Modernity and Eurocentric discourses can't be taken as universals for they represent a specific context that gave birth to a range of political expressions. Indeed, one can access these experiences but not as the sole normative and universal, but rather as part and parcel of a diverse set of global expressions that maybe utilized to understand, compare and when appropriate use.

The focus is on the image of Islamic party members, the supposed backwardness of the headscarf, beards, incoherence of their language and, more critically, the supposed uncivilized and unrefined "humans" they appear to be in public gatherings: all originate in a colonial and Eurocentric thesis concerning the supposed Muslim otherness. The focus is not on policy debates or differences but on Muslim subjectivity with all the problems contained therein. One can take issue with policies and I do have a profound problem with neo-liberal economic programs that are utilized by Muslim political parties and the acceptance of a military industrial complex type of economies coupled with "war on terrorism" discourses against opposition. These are not rooted in Islam per say but represent policy formation and ideas that can and should be debated vigorously.

Democracy and elections for the secular elite are valid only in so far as it keeps Islam out and any Muslim asserting agency based on deeply held epistemologies that uniquely are his/her own. The "secular theologians" maintain that Muslims who assert agency in contesting politics on a democratic basis must be opposed and frustrated, otherwise if they succeeded, will manage to bring the "traditional backwardness" into the "modern-rational-progressive" and in doing so will bring the positivist state to an end.

Furthermore, the Muslim who arrives at power through democratic means is not to be trusted for his/her ultimate political goal is to recreate the backward, despotic and irrational past. Thus, the argument goes, the Muslim must be prevented from disrupting the progressive march toward the modern and civilized, saving democracy from itself by urging and supporting military interventions to safeguard the anti-Islam secular post-colonial project.

The public debates in Egypt, Turkey and Tunisia as well as other Arab and Muslim majority states has taken a most profound turn toward Islamophobic discourses, which locates the differences in Islam itself.

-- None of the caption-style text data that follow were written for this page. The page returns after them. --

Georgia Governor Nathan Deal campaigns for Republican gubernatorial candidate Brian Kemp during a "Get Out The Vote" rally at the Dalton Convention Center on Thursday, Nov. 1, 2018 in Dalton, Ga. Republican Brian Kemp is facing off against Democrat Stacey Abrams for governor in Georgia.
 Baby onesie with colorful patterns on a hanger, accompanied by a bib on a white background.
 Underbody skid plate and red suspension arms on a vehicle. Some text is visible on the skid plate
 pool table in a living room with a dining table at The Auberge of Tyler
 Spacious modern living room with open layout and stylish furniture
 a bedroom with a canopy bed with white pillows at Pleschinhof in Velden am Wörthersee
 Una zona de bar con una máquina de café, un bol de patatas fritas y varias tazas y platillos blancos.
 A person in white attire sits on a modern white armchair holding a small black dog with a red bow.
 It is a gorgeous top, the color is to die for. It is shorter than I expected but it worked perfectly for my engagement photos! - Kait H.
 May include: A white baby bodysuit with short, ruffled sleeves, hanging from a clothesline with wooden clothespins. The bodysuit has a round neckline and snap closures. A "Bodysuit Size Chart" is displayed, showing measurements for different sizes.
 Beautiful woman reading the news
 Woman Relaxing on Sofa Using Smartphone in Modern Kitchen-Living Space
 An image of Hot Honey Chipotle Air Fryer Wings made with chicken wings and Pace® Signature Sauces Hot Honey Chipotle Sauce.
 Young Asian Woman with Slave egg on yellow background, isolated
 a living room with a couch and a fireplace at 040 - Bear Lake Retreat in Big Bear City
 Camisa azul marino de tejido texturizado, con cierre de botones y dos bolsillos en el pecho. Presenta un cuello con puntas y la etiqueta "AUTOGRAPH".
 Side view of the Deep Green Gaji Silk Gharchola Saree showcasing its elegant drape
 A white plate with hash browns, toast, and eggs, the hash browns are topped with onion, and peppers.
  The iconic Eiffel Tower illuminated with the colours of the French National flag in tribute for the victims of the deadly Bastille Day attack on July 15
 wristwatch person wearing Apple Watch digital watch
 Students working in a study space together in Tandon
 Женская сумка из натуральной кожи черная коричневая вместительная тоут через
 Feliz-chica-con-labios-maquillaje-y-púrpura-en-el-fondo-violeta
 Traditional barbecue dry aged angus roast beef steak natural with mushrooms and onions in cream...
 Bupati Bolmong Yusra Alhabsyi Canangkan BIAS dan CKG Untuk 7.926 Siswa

In taking this track, participants have provided ample source material for the global Islamophobic industry since the statements and perspectives emerging from the local context in each state are recycled in the West to illustrate the veracity of negative claims made against Islam and Muslims. What we have in here is that Islamophobic content originating in the West from the past is utilized by internal secular forces to contest civil society after failure in governance, which is then recycled back to Western Islamophobes.

We must disrupt this pattern and agree to settle policy differences and contest elections on the basis of political programs that focus on how best to improve society. Furthermore, the secularist practiced exclusion against Muslim political subjects was painful and had a long duration; however Muslim political parties should not work to replicate and re-enact past experiences. Muslim political parties have the best opportunity to act magnanimously and work for a future that includes all in the pursuit of a just and equitable society. Elections and democracy produce winners and losers but Islamically grounded leadership produces nations and civilization: let our energies be directed at collectively building the ummah regardless of winning or losing elections. Islamophobia is real and deadly, which can't be addressed if Arab and Muslim majority states continue to replicate the destructive discourses that problematize Islam and Muslims internally that feed into the global phenomena.